Sunday, May 31, 2009

No Great Loss

So prom officially blew....my date kinda hated me, or so it seemed, I really wanted to make it a great time for her but it seems like I fucked up...again...I guess the saying you can't change a leopard's spots is true for me as well...I can never not be a fuck up. The funny thing is...I thought I would mess it up, but I never thought it would be because she didn't like me or something, I just thought that I would eventually say something, who knows, maybe I did, but I on't have any idea as to what. Well all I know is, if I got hit by a bus right now I would think....No Great Loss.

Monday, May 25, 2009

So she says this....

Let's just be friends....
So I say OK even thought it fucking kills me to say it. I am really trying to be just friends but their is a couple problems with this...first I am irrevocably in love with her. No matter what happens she will always own a part of my heart. Second and this is the biggest, she makes me feel bad when I am with another girl, and Third....She gets jealous and possessive when she finds out I kissed another girl or something of that nature.

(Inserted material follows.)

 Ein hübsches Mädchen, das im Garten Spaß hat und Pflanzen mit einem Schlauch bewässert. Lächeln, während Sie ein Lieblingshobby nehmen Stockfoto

Makes perfect sense doesn't it?

Sunday, May 17, 2009

So.....

It has been awhile...and I guess I should start by saying....FUCK YOU!!!!
That is too all the people who let their boyfriends cheat on them....because their are guys like me who would kill for a chance with a girl as amazing as you....sorry about that people I am just a little tired of not being good enough for anyone lol

So here's a poem about my state of mind....

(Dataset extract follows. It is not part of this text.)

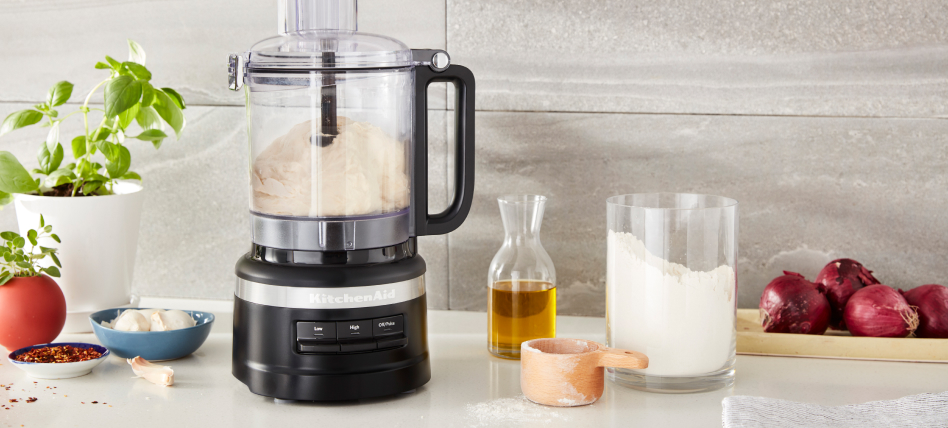 Black KitchenAid® food processor next to baking ingredients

Worlds collide as you are on my mind and the world that I know ends,
But my mind is preoccupied with images of you and love is what I intend to find.
Yet here I am, another night alone, and I know you are out with him,
He is you lover, the man of your dreams, or so you keep on saying,
But he cheats, lies, and destroys your morale and your life he keeps on delaying.
But if you were with me you'd understand what a man has to offer,
Love understanding, with the aggressiveness you also require,
But instead of it aimed to hurting you, it'd be put to much better use,
Liking furthering this love, through any type of abuse.
Well that's the end of this fucking charade, now you know my wishes...
But you will stay with him, and think of me through all of his kisses.
Just think of how, while you sink farther in self-denial...
You could be with me instead of being with that child.